What you need to do →
Look in the listing below for the line that has "Double-wall Glitter Wide", then return it and each following line up to and including the one with "3 patek philippe", exactly and without pictures.

Exercise material →

§

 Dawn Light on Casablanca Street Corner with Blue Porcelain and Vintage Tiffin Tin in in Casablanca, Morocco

§

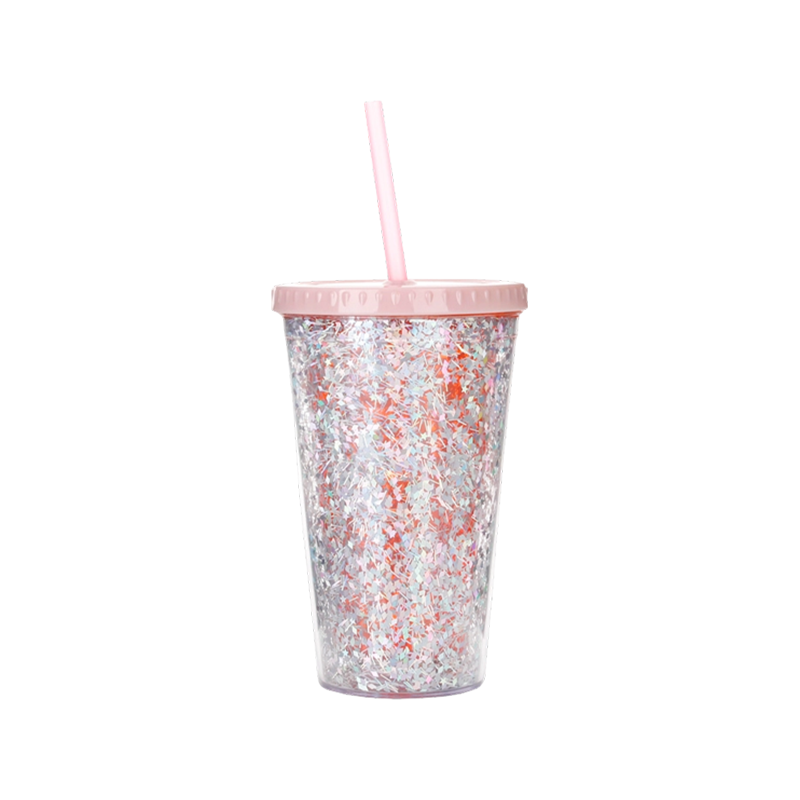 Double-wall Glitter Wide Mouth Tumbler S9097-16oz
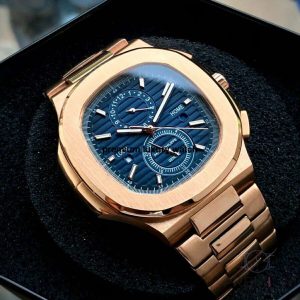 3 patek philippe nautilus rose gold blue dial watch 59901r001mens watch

§

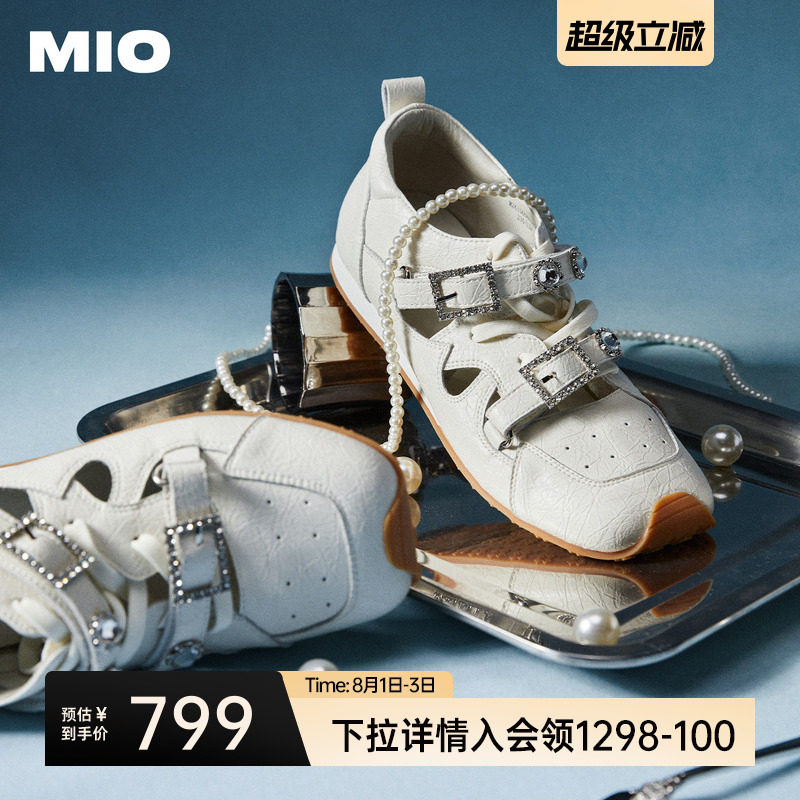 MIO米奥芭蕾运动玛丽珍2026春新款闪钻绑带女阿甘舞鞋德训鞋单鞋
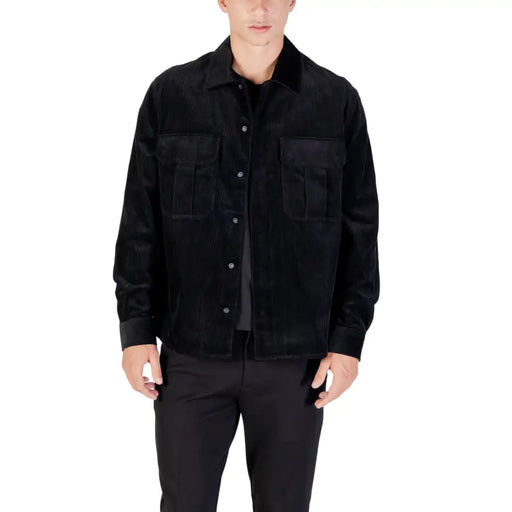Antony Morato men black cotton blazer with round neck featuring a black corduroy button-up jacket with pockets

§

Response area →
 Double-wall Glitter Wide Mouth Tumbler S9097-16oz
 3 patek philippe nautilus rose gold blue dial watch 59901r001mens watch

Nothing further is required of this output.